**Assignment:** Reproduce the entries in full and exactly. Pictures stay out.
——————
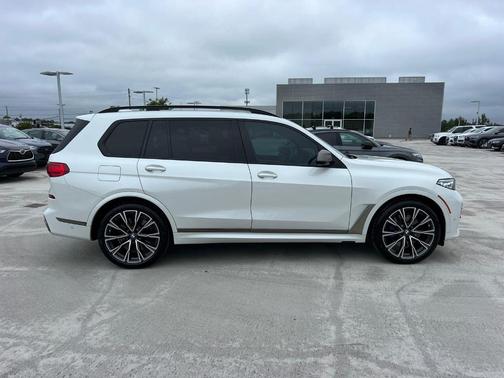 2021 BMW X7 M50i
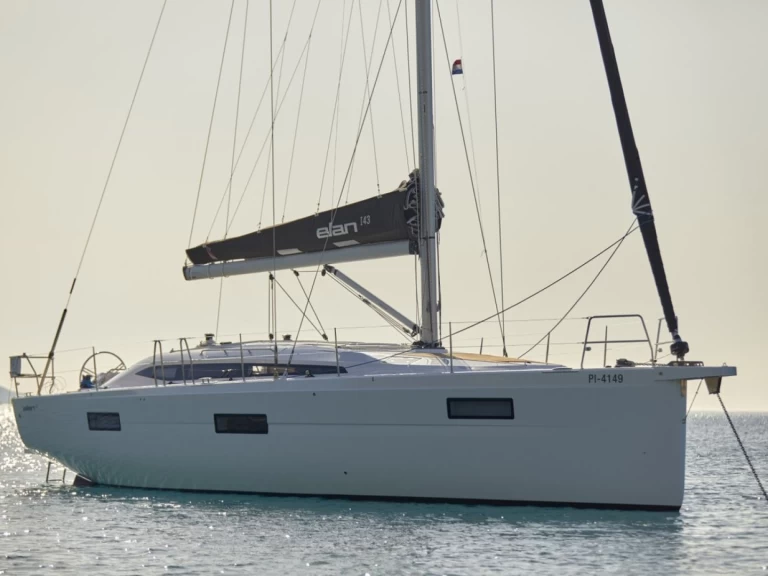 Pronajmout Plachetnice se skipperem či ne Elan v Pirovac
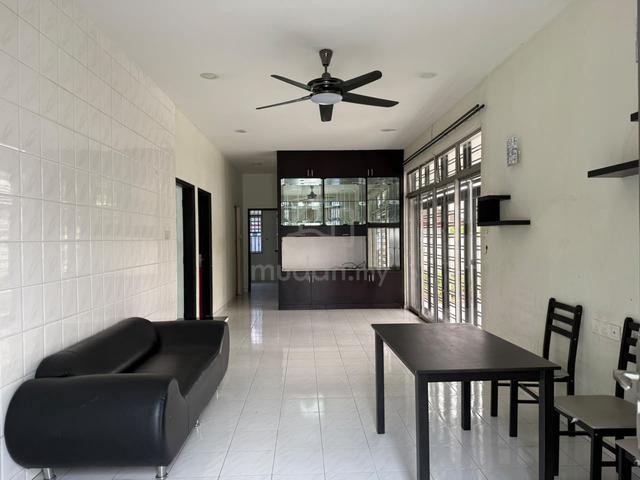 Senai Corner Single Storey House 20ft extra land Near Airport kulai 1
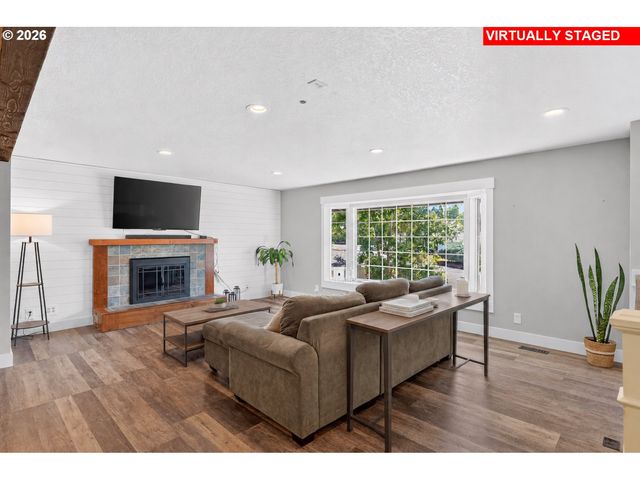 20665 Sw ESSEN Ct, Beaverton, OR 97078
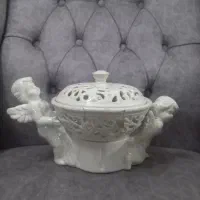 گلدون و سبد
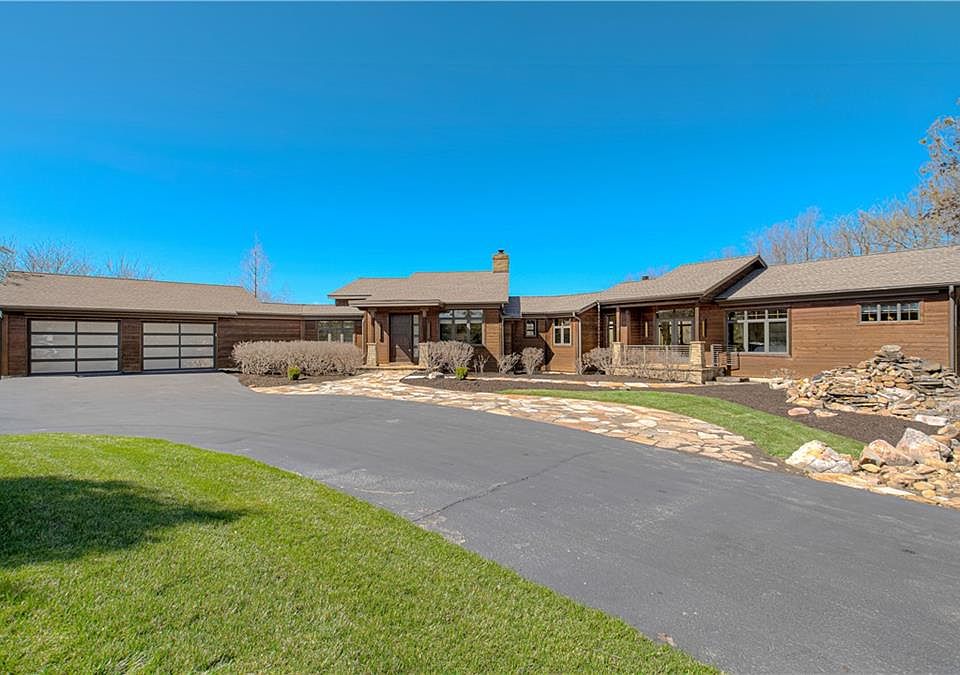 1st image of 5740 Clare Rd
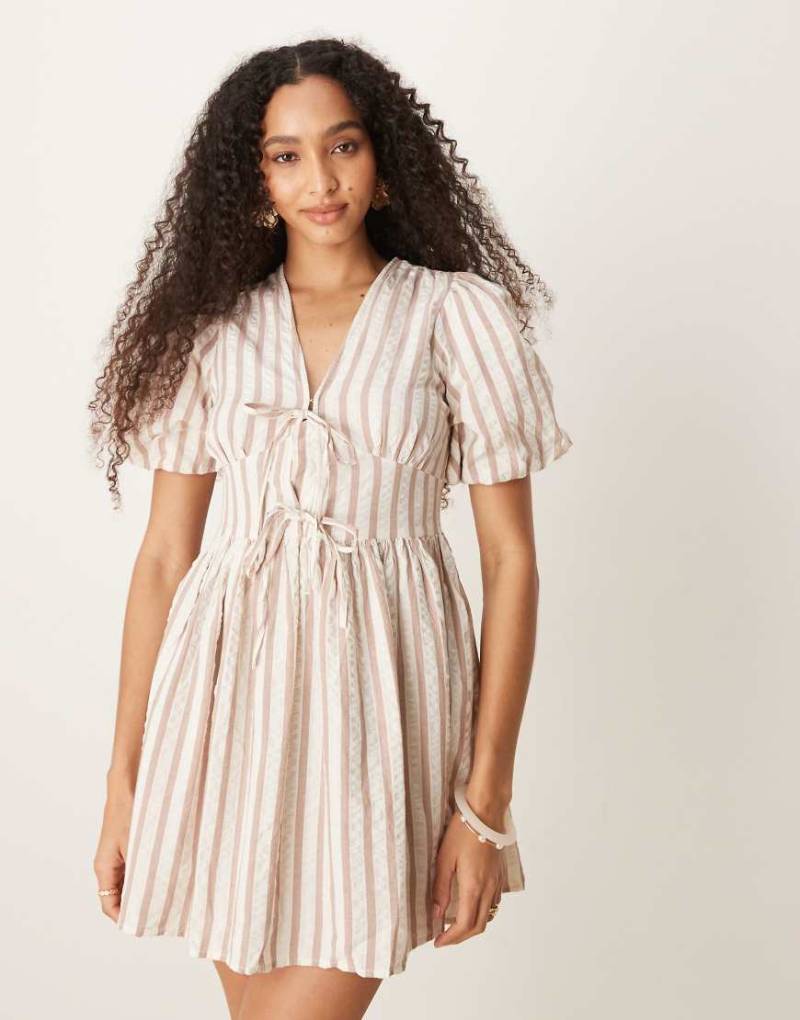 Nobody's Child - Scottie - Gestreiftes Minikleid in neutralem Farbton mit Puffärmeln von Nobody's Child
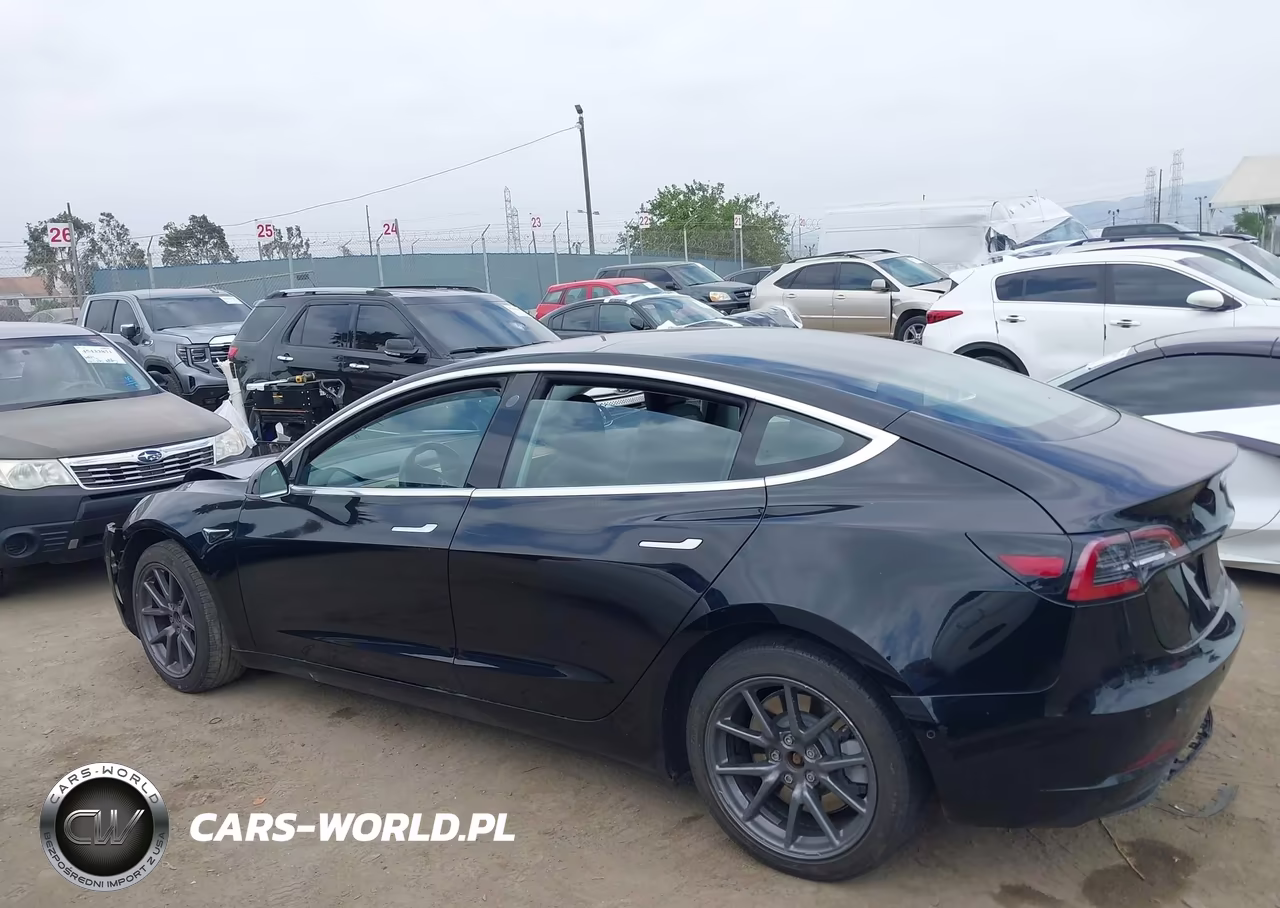 2018 Tesla Model 3 Long Range-Mid Range VIN:5YJ3E1EA0JF021133 - 12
——————
**Task response:**
 2021 BMW X7 M50i
 Pronajmout Plachetnice se skipperem či ne Elan v Pirovac
 Senai Corner Single Storey House 20ft extra land Near Airport kulai 1
 20665 Sw ESSEN Ct, Beaverton, OR 97078
 گلدون و سبد
 1st image of 5740 Clare Rd
 Nobody's Child - Scottie - Gestreiftes Minikleid in neutralem Farbton mit Puffärmeln von Nobody's Child
 2018 Tesla Model 3 Long Range-Mid Range VIN:5YJ3E1EA0JF021133 - 12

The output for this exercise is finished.